Tale principio è stato argomentato con il rilievo che in tema di notificazione degli atti processuali gli artt. 3 e 24 Cost.

"impongono che le garanzie di conoscibilità dell’atto da parte del destinatario si coordino con l’interesse del notificante a non vedesi addebitato l’esito intempestivo di un procedimento notificatorio parzialmente sottratto ai suoi poteri di impulso", individuando quindi come soluzione costituzionalmente obbligata del relativo coordinamento quella desumibile dal "principio della sufficienza … del compimento delle sole formalità che non sfuggono alla disponibilità del notificante".

Lungo tale direttrice è inoltre recentemente intervenuta una pronuncia della sezione lavoro della Corte (Cass. 4 settembre 2008 n. 22287), la quale, partendo dalla critica dell’orientamento giurisprudenziale consolidato nella materia della idoneità della impugnazione del licenziamento ad impedire la decadenza di cui alla L. n. 604 del 1966, art. 6 e valorizzando le possibili ricadute dei principi affermati dalla Corte Costituzionale anche su tale terreno, tanto più in considerazione della particolare rilevanza degli interessi che vi sono coinvolti dalla parte del lavoratore, ha affermato (senza ritenere necessario di proporre una questione di legittimità costituzionale) che dalla L. n. 604 del 1966 è desumibile il principio secondo cui l’impugnazione del licenziamento deve ritenersi tempestiva, impedendo la decadenza di cui alla legge citata, qualora la lettera raccomandata che la contiene sia, entro il termine di sessanta giorni, consegnata all’ufficio postale ed ancorchè essa venga recapitata al destinatario dopo la scadenza di quel termine.

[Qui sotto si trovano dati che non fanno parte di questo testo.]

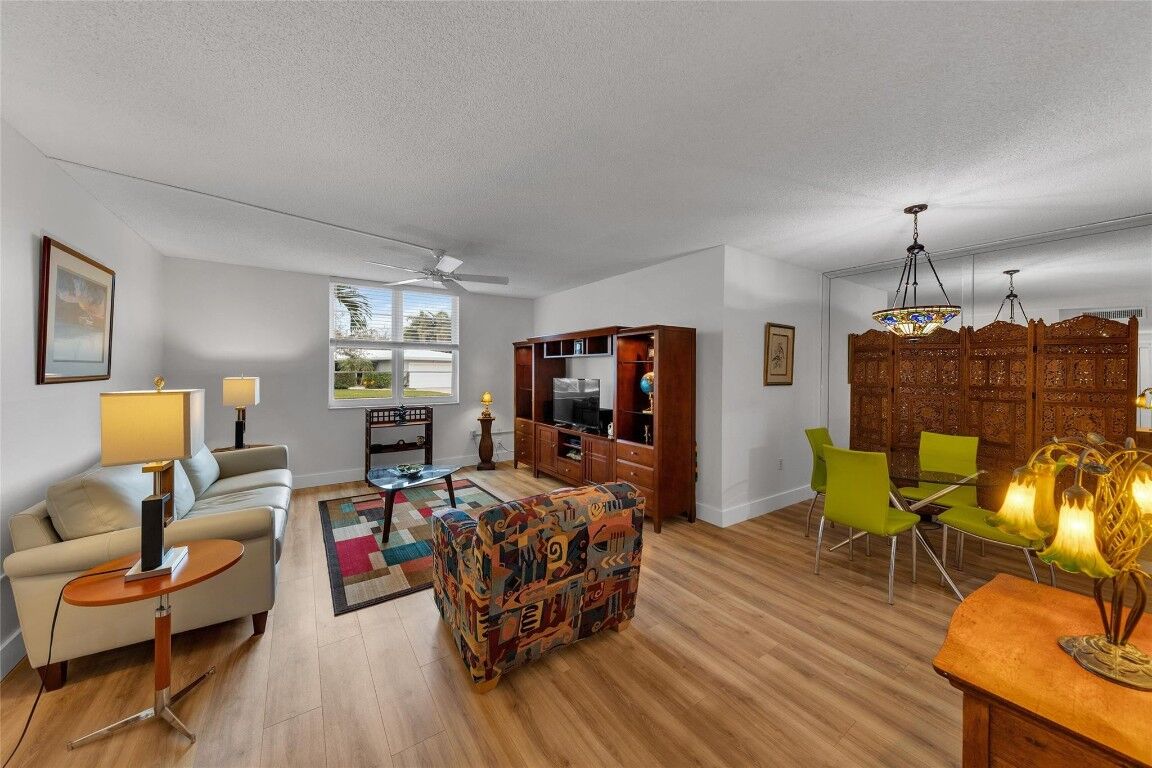 Property Photo:  6000 NE 22 Way 1E  FL 33308 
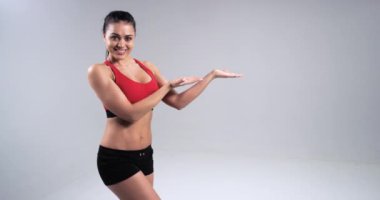 Eller fitness sportif kadın ile oynarken ve elinde bir şey var gibi görünüyor. 4k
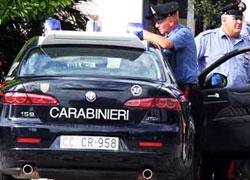 I rapinatori entrano in casa di due anziani e li minacciano con i coltelli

Prima ancora di tale pronuncia (cui si è recentemente uniformata:

Cass. sez. lav. 16 marzo 2009 n. 6335) e nel medesimo spirito, Cass. 19 giugno 2006 n. 14087, nell’interpretare l’art. 410 c.p.c., comma 2 – secondo cui la comunicazione della richiesta di tentativo di conciliazione interrompe la prescrizione e sospende, per la durata del tentativo medesimo e per i venti giorni successivi alla sua conclusione, il decorso di ogni termine di decadenza – ha affermato che la sospensione del termine di decadenza per l’impugnazione del licenziamento si produce col deposito dell’istanza di tentativo di conciliazione contenente l’impugnativa, essendo viceversa irrilevante, in quanto estraneo alla sfera di controllo del lavoratore, il momento della comunicazione da parte dell’ufficio del lavoro al datore di lavoro della data di convocazione per svolgere il tentativo di conciliazione (in precedenza, contra, Cass. 18 ottobre 2005 n. 20153).

Si è così determinato all’interno della sezione di lavoro un conflitto, sollecitato da nuovi orientamenti in dottrina nonchè dalle pronunce della Corte costituzionale citate, su di un tema che appare di particolare importanza sia per la rilevanza degli interessi coinvolti, sia per le possibili ricadute in settori diversi da quello del diritto del lavoro, da cui deriva l’opportunità di una trattazione dello stesso da parte delle sezioni unite di questa Corte.

Si dispone pertanto la trasmissione degli atti al Primo Presidente della Corte, per l’eventuale assegnazione della causa alle sezioni unite per la risoluzione del contrasto rilevato.

P.Q.M.

La Corte rinvia la causa al Primo Presidente per l’eventuale assegnazione alle sezioni unite perchè considerino il divario tra quanto affermato nella sentenza di questa sezione 4 settembre 2008 n. 22287 e l’annosa giurisprudenza di questa Corte relativa alla comunicazione degli atti ricettivi. Rinvia pertanto la causa a nuovo ruolo.